# DAM Allround Special  2,10 m  Aktion 2,5  WG 2-15 g



## Allround-Angler (21. Mai 2022)

Hallo zusammen,

die Rute hat leichte Riefen am Spitzenring, auch ist der Steg des Spitzenrings leicht verbogen.
Sie hat eine Zapfenverbindung und große Kursivringe, die mich an die modernen Fuji-K-Ringe erinnern ;-).
Wirft leichte Gewichte erstaunlich gut.
Die Rute ist sehr weich sowohl was Biegekurve als auch WG angeht.
Hat natürlich auch schon ein paar Jahre auf dem Buckel ;-).
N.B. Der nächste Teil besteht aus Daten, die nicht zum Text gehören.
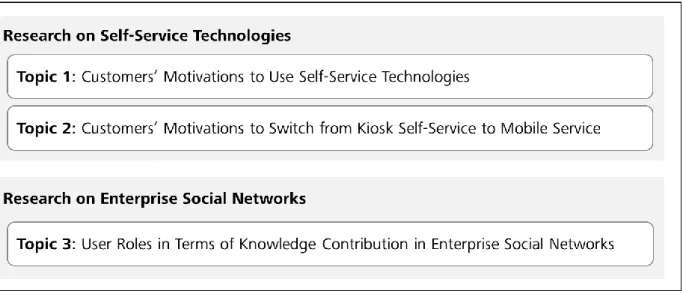 Figure 2: Overview of this dissertation’s topics  Subject A: Research on Self-Service Technologies  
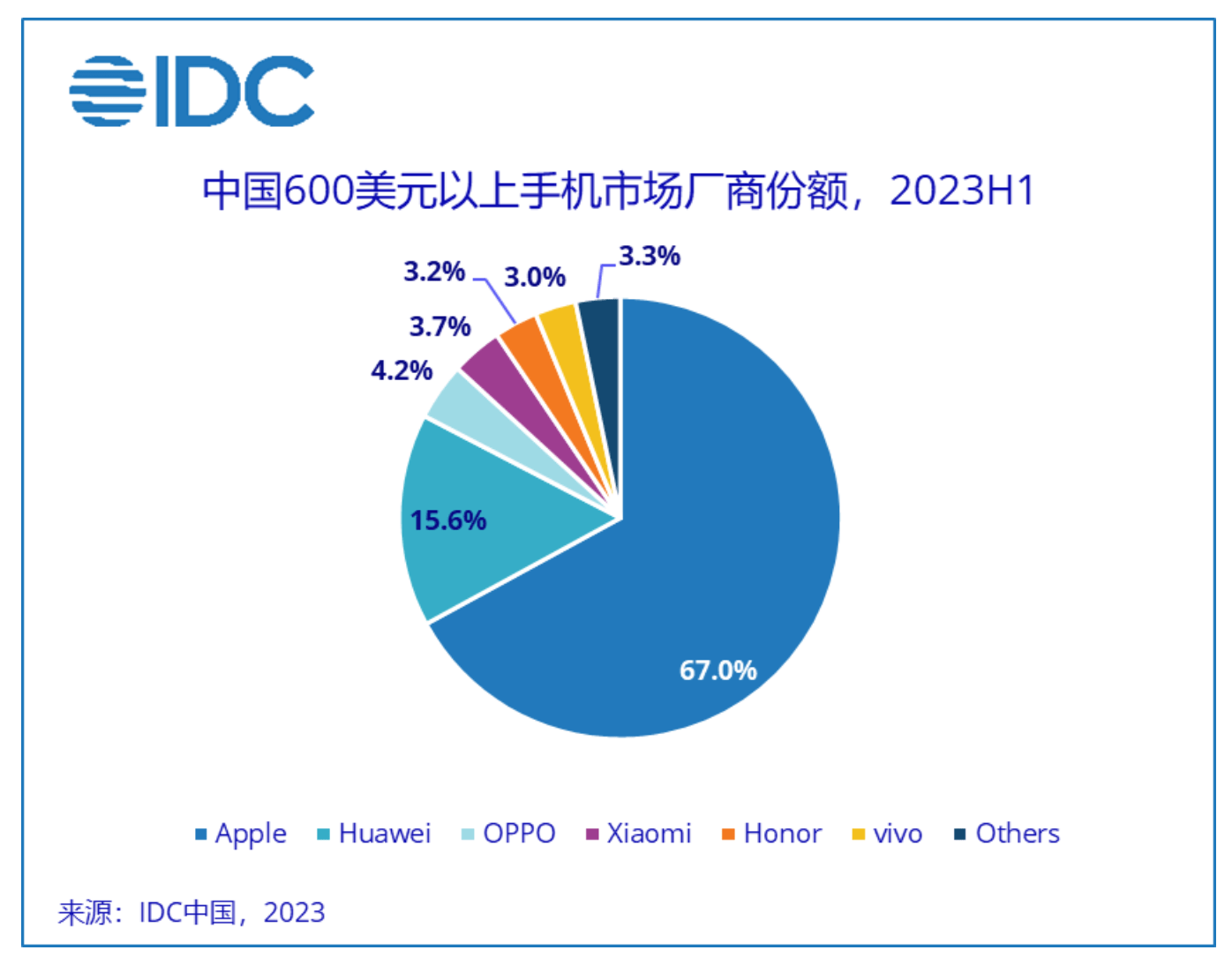 今年上半年各厂商在中国高端手机市场上的份额分布,苹果仍占据绝对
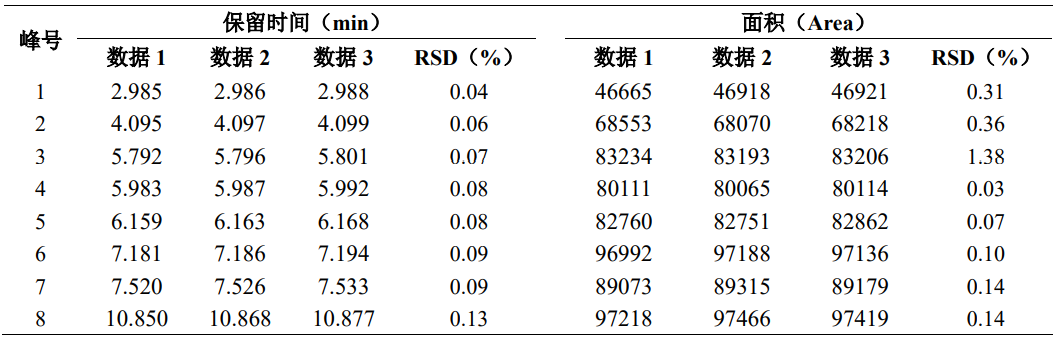 8种苯系物的测定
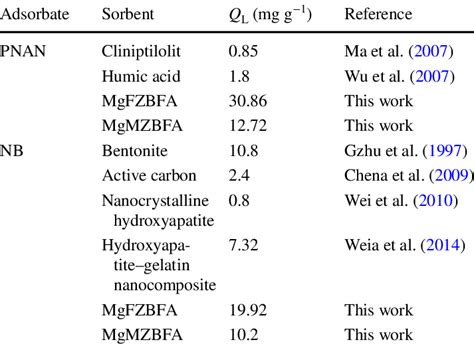 Comparison of the maximum adsorption capacities of sorb- ents for PNAN ...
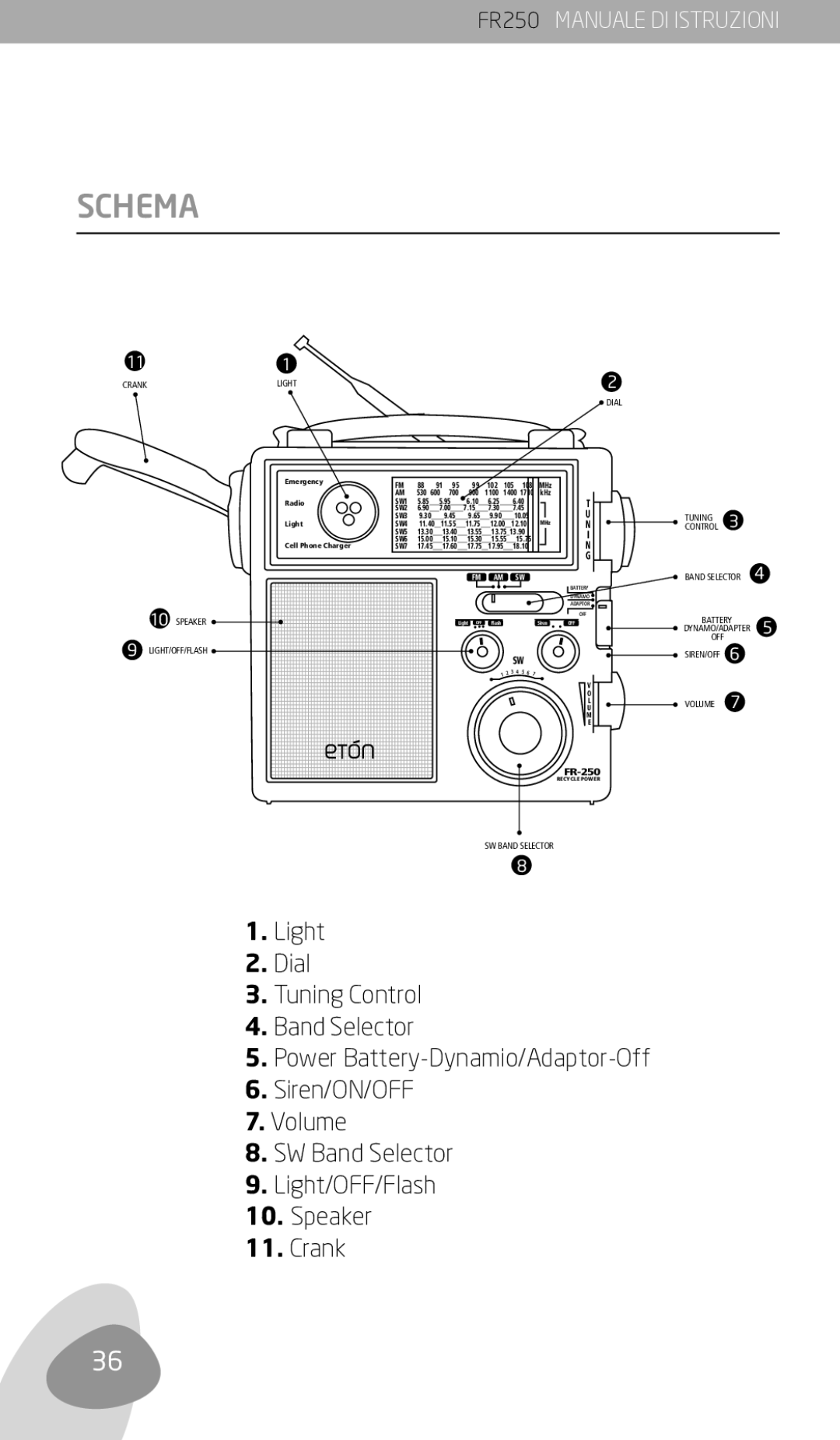 Eton FR250 owner manual Schema, Light Dial Tuning Control Band Selector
Bin unschlüssig, ob ich die Rute neu beringen soll, Originalzustand wäre mir lieber.

Oder vielleicht hätte jemand von Euch einen Vorschlag oder selber Interesse?

Gruß und Petri Heil,
Ingo


----------



## dawurzelsepp (22. Mai 2022)

Erstmal Glückwunsch zu dieser tollen alten DAM Rute.

Was den Spitzenring angeht so könntest du diesen mit erwas vorsicht wider zurechtbiegen und die Riefen, wenn nicht zu tief, ausschleifen +  Pollieren.
Alle anderen Ringe würde ich mit Politurwatte (z.B. NeverDull aus dem Motorradzubehör) schön reinigen und Polieren.
Originale Ersatzteile sind nicht immer leicht zu bekommen von demher macht ein Rettungsversuch immer Sinn.


----------



## Allround-Angler (22. Mai 2022)

Danke, aber ob meine handwerklichen Fähigkeiten dafür ausreichen...
Andererseits möchte ich auch nicht zuviel Aufwand betreiben.


----------